Stanford University School of Medicine
The Robert G. Fenley Writing Awards: News Releases
Silver
Some 24-50 million Americans have autoimmunity. Four out of five of them are women. In a study published in Cell, Stanford Medicine scientists traced this disparity to a fundamental feature of biological female mammals: the presence, in virtually each of their cells, of two X chromosomes. “No mammalian cell, male or female, can survive without at least one X chromosome,” science writer Bruce Goldman wrote in his news release about the study. But having two of them risks the doubled production, in female cells, of numerous X-encoded proteins. That would be lethal if not for nature’s workaround, called X-chromosome inactivation: Each cell in an embryonic female mammal shuts down the activity of one of its two X chromosomes. However, Stanford Medicine geneticist Howard Chang, basic science research scientist Diana Dou, and their colleagues found, that very X-chromosome inactivation can lead to autoimmune disorders. That’s because a molecule called Xist (which an X chromosome produces when and only when it senses the presence of an active partner X chromosome) coats the first X chromosome, shutting down protein production. But doing that requires forming complexes with other molecules. The immune system sometime senses those complexes as foreign – and attacks them.
What was the most impactful part of your entry?
This release has, as of Sept. 26, 2024, been read 99,610 times online since it posted on Stanford Medicine’s website on Feb. 1, 2024, the day Chang’s study was published.
In addition, Goldman’s release generated queries from many dozens of news outlets and got coverage in well over 50 of them, including wire services (Associated Press, Health Day); national and metropolitan newspapers (New York Times, Washington Post, STAT, San Francisco Chronicle), all major television networks (NPR, CBS, NBC, ABC, CNN), Voice of America, local broadcast outlets (KRON-4 TV, KTVU-TV, CBS Bay Area), and major popular magazines (TIME, The Smithsonian. National Geographic, Fortune). It was covered by specialized science- and medicine-focused publications (the NIH Director’s blog, NIH News, NIH Research Matters, Nature, New Scientist, Scleroderma Research Foundation, Helio, Women’s Health, Medical News Today, LiveScience). It also received major foreign coverage: El Pais (Spain), Globe and Mail (Canada), Agence-France Press (France). Language from Goldman’s release turned up verbatim (sometimes quoted, sometimes not) in many of these follow-on stories, as did links to the posted release.
After the release’s distribution and subsequent media coverage, Goldman received the following emails from Chang, the study’s senior author: 1) “Thank you so much for drafting a compelling story and outreach that garnered so much interest. This Xist RNA story is the most media attention that I have gotten for a scientific publication and the requests are still coming in. Kudos and a great chance to share our work with the public.” 2) “This is a tremendous amount of media coverage!” 3) “We have received very extensive coverage. My colleagues tell me that the story has been covered in Australia, Sweden, and my extended family even read about it in Taiwan.”
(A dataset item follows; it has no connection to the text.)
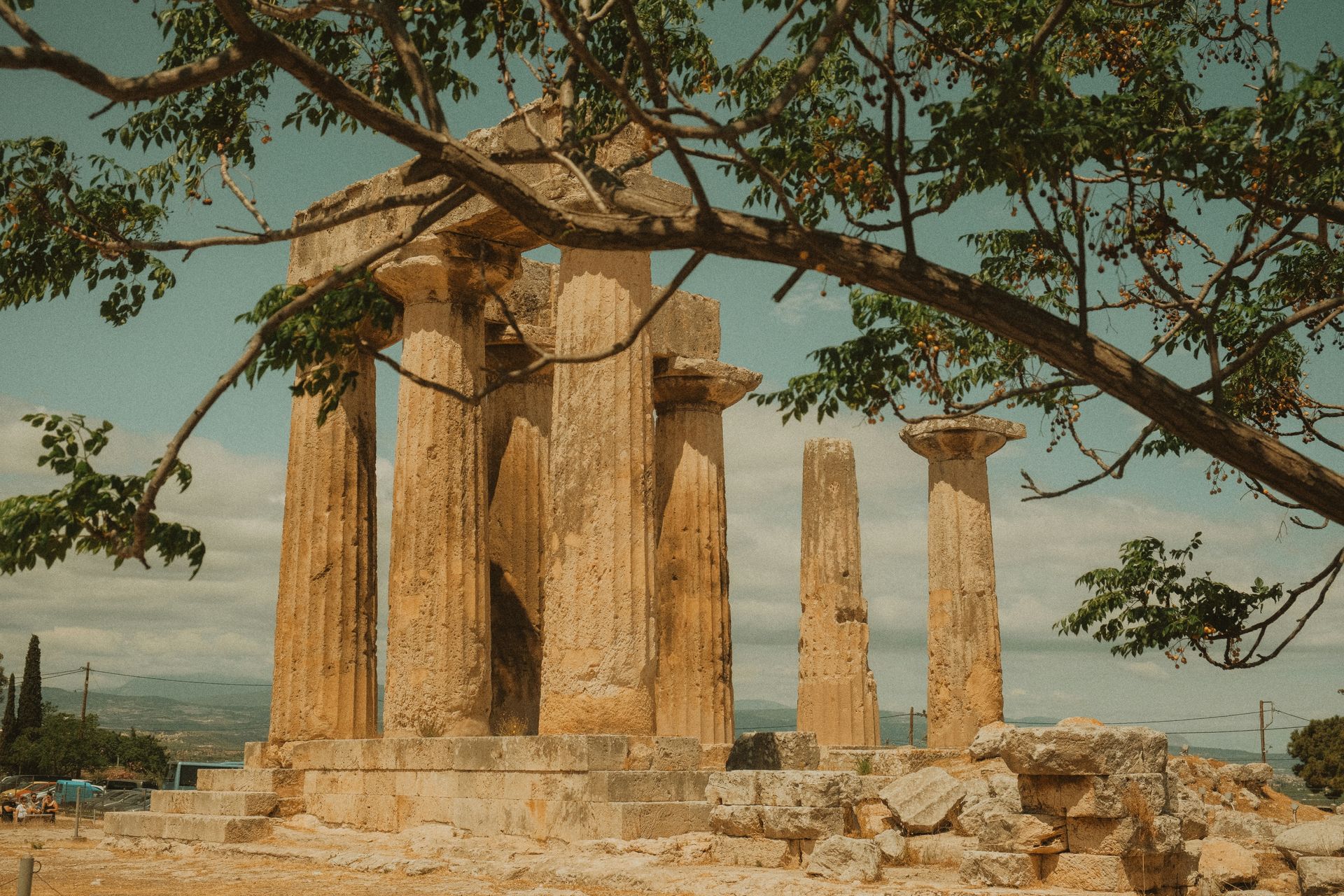 A group of ancient temples surrounded by trees on top of a hill in the Peloponnese, Greece.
What challenge did you overcome?
The Xist molecule is just one of a huge number of so-called long non-coding RNA molecules that are produced but never translated into protein molecules. (There are more lncNRA-coding genes than there are protein-coding genes in the human genome!) It’s clear from this and other studies by basic-researcher Howard Chang that we are just scratching the surface of cell biology – and that living organisms are endowed, at the cellular level, with an almost unimaginable complexity. Goldman said that writing about this study and other work by Chang – who early in his career did much of the pioneering work on lncRNA – has massively enhanced Goldman’s own effort to understand life’s origins.